=== Task instructions ===
When writing out the entries below, keep only the lines from the line with "全新SC7A20TRMSA3" to the line with "Александр Никонов - Будущее", both included, exactly as they are, and leave the pictures aside.

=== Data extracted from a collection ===
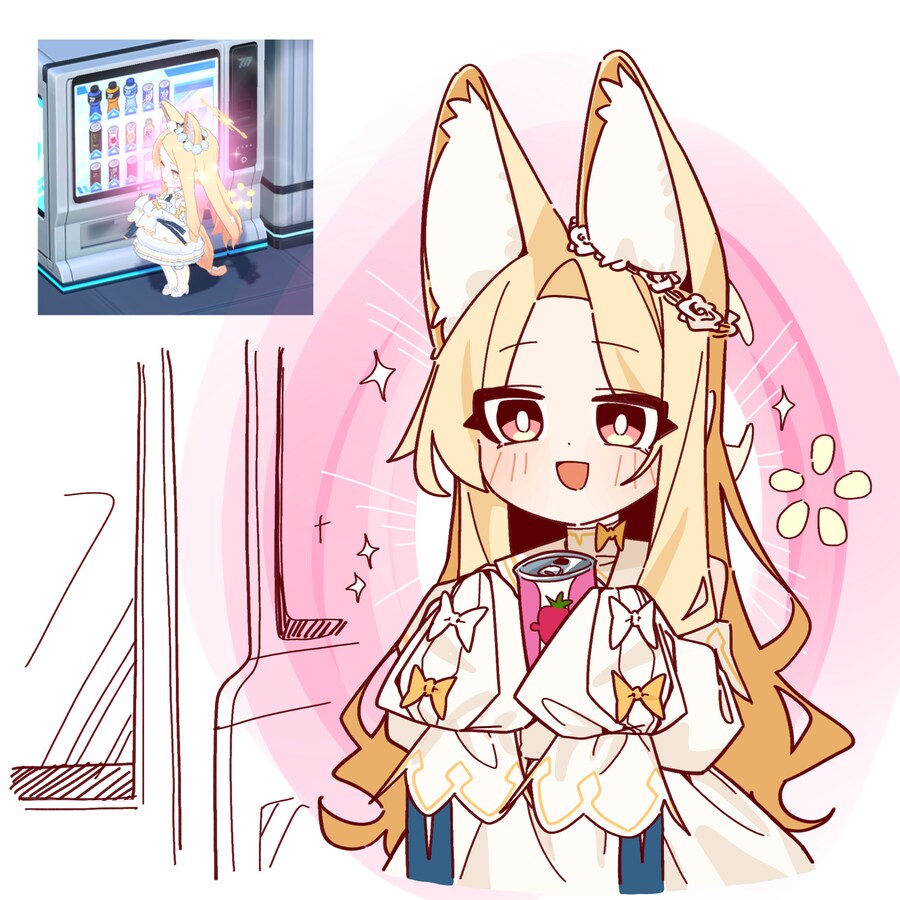[블루아카] 이번 이벤트 세이아 요약_8.png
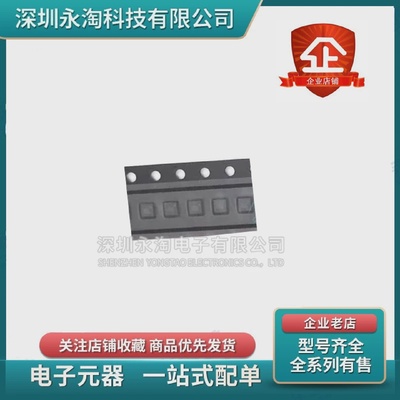 全新SC7A20TRMSA311DA213BQMA7981QMA6100P数字加速度传感器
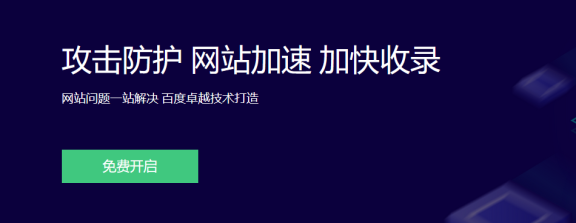 百度云加速2021-09-09系统升级通知
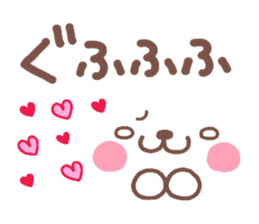 4358787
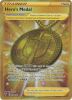 Pokemon Card - S&S: Vivid Voltage 201/185 - HERO'S MEDAL (secret rare holo) (Mint)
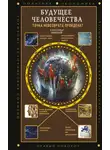 Александр Никонов - Будущее человечества. Точка невозврата пройдена?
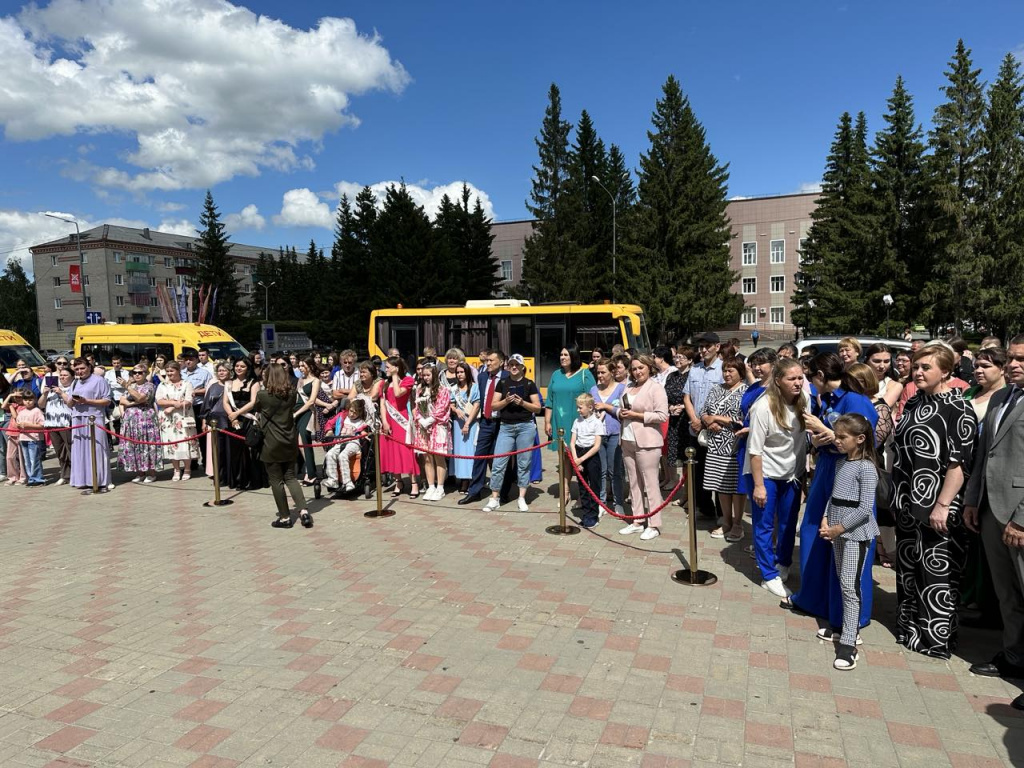 изображение_viber_2024-06-26_15-59-25-130.jpg изображение_viber_2024-06-26_15-59-25-130.jpg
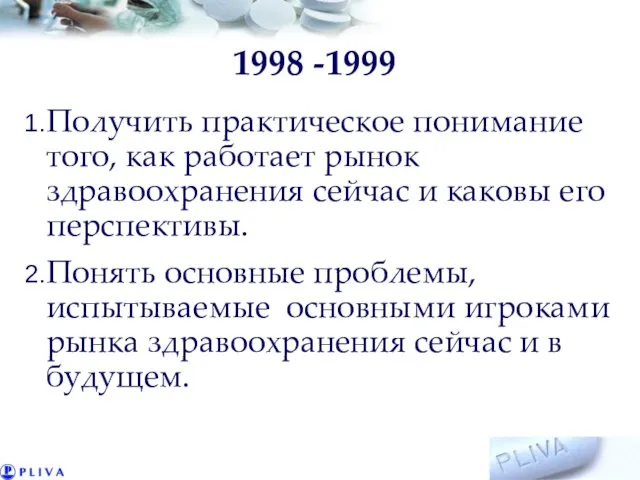 1998 -1999 Получить практическое понимание того, как работает рынок здравоохранения сейчас и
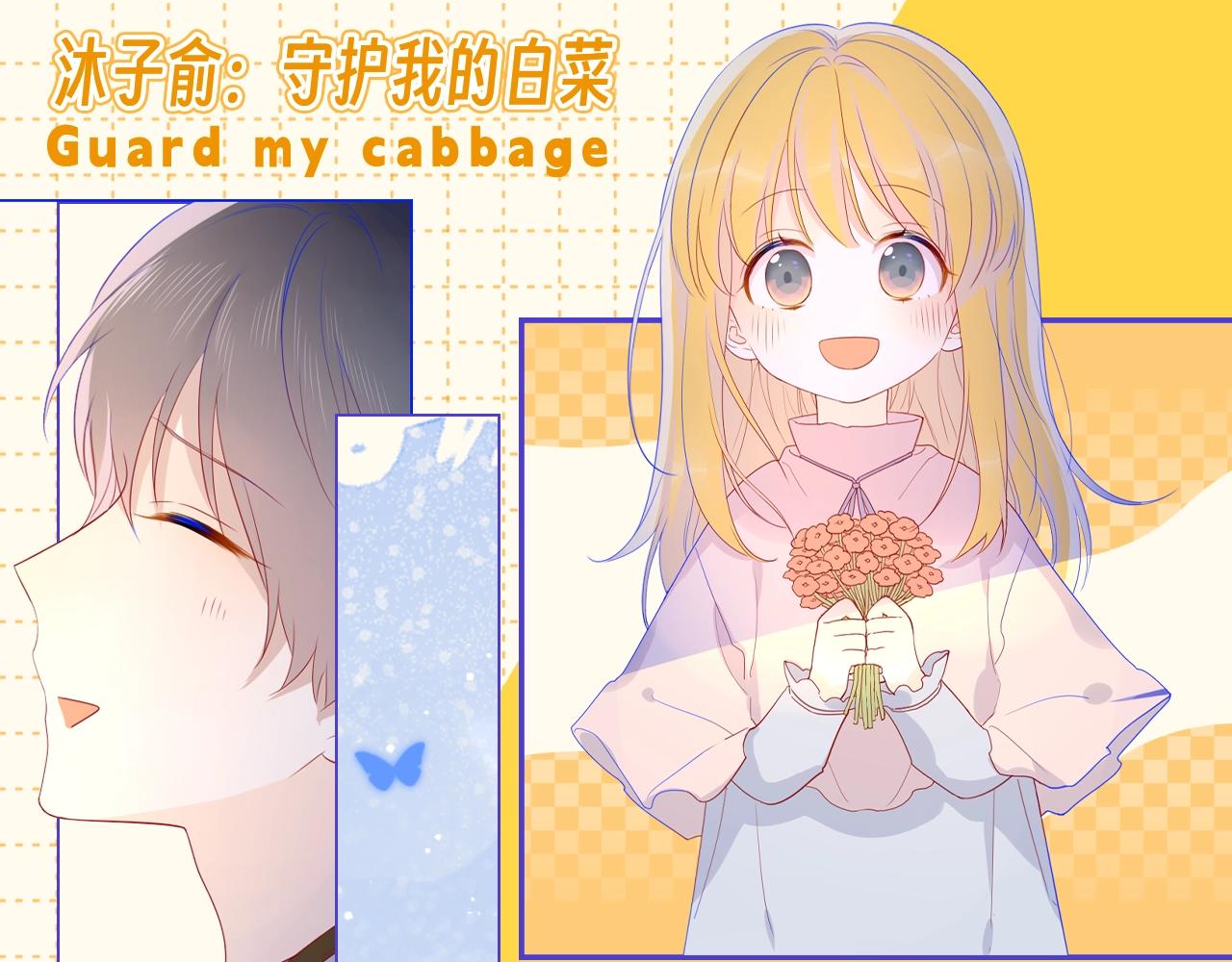 第51期 整点活：沐子俞：守护我的白菜0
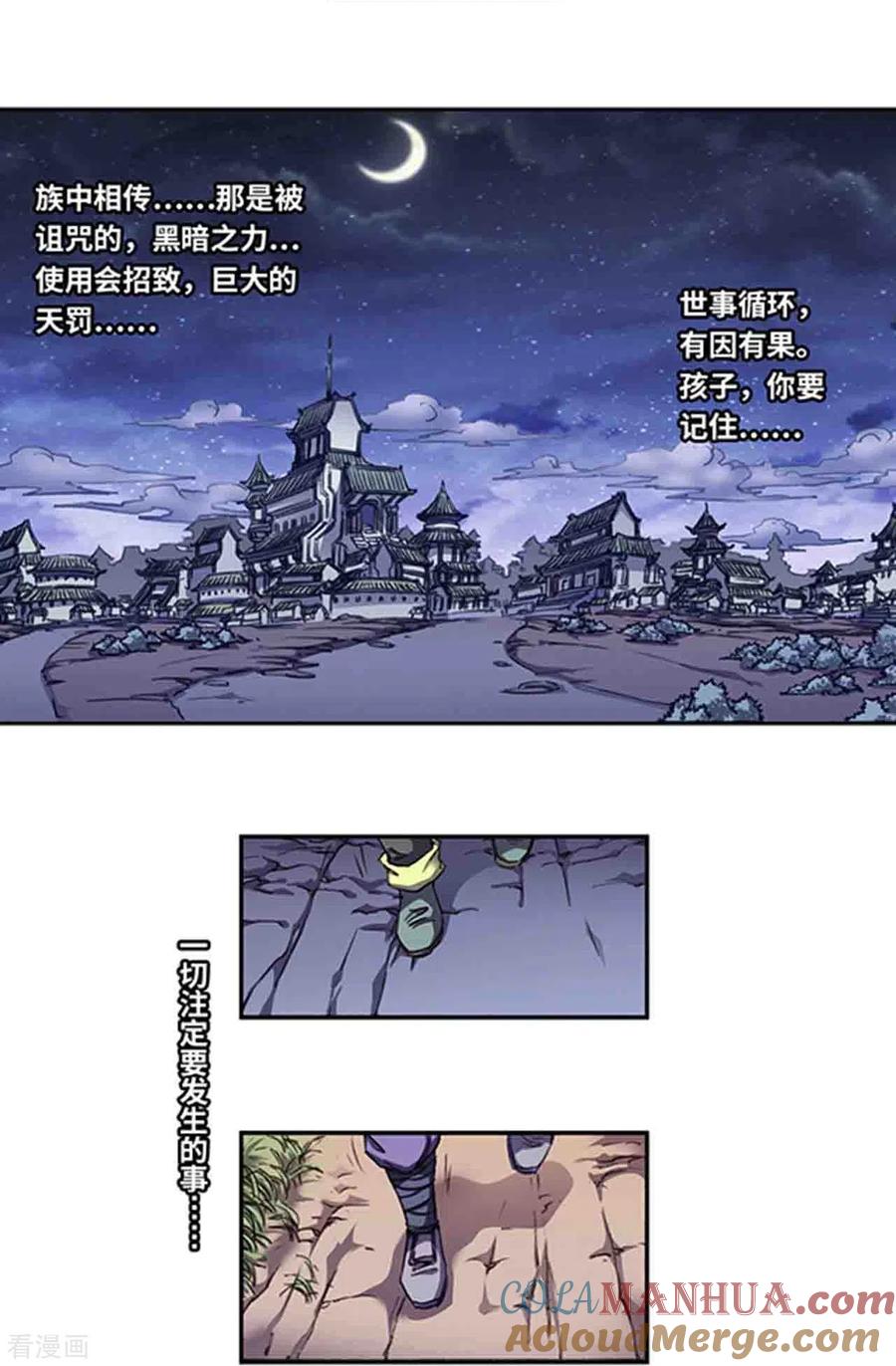 星海镖师 第250话2 诅咒之眼 第5页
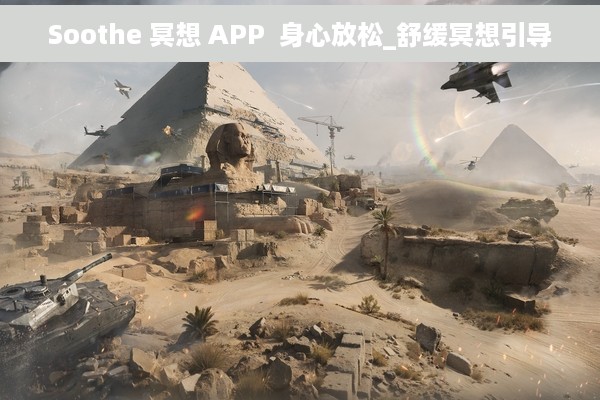 Soothe 冥想 APP  身心放松_舒缓冥想引导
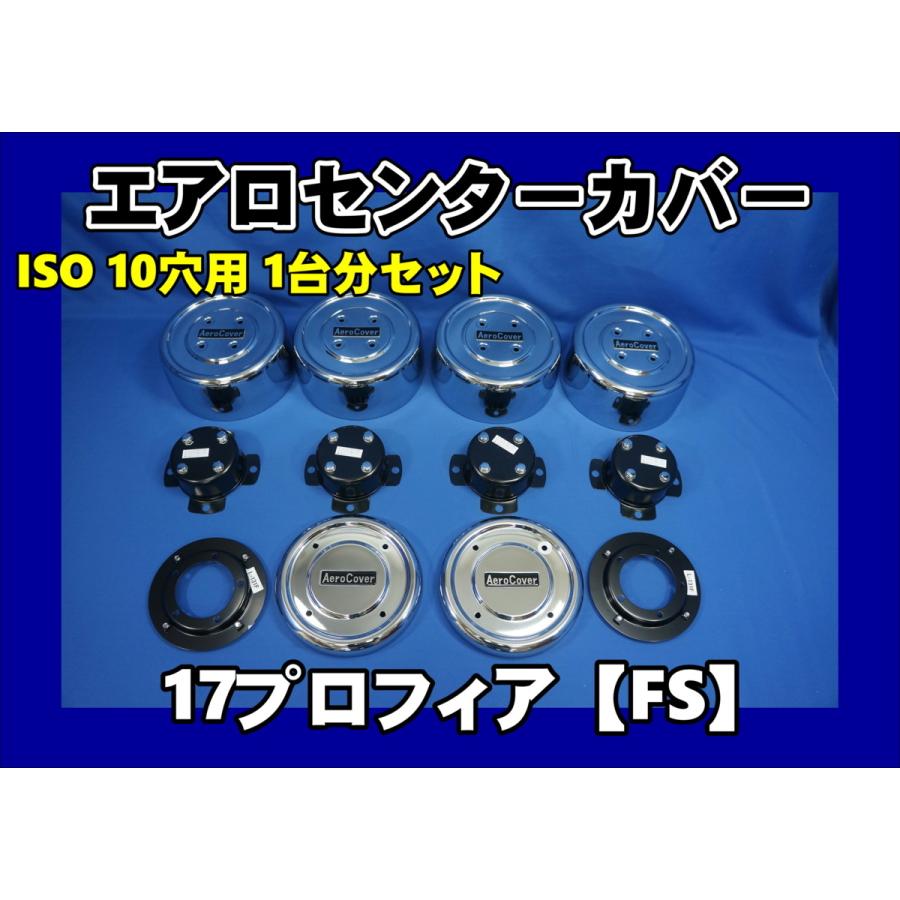 17プロフィア 高床用 エアロセンターカバー1台分セット ISO 10 17プロフィア 高床用 エアロセンターカバー1台分セット ISO 10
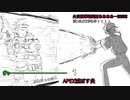 [wotb]楽しい楽しいタンクスライフ　Blitz実況part8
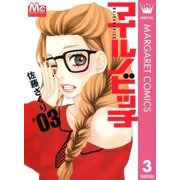 マイルノビッチ 3（マーガレットコミックス） [電子書籍]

=== Answer section ===
 全新SC7A20TRMSA311DA213BQMA7981QMA6100P数字加速度传感器
 百度云加速2021-09-09系统升级通知
 4358787
 Pokemon Card - S&S: Vivid Voltage 201/185 - HERO'S MEDAL (secret rare holo) (Mint)
 Александр Никонов - Будущее человечества. Точка невозврата пройдена?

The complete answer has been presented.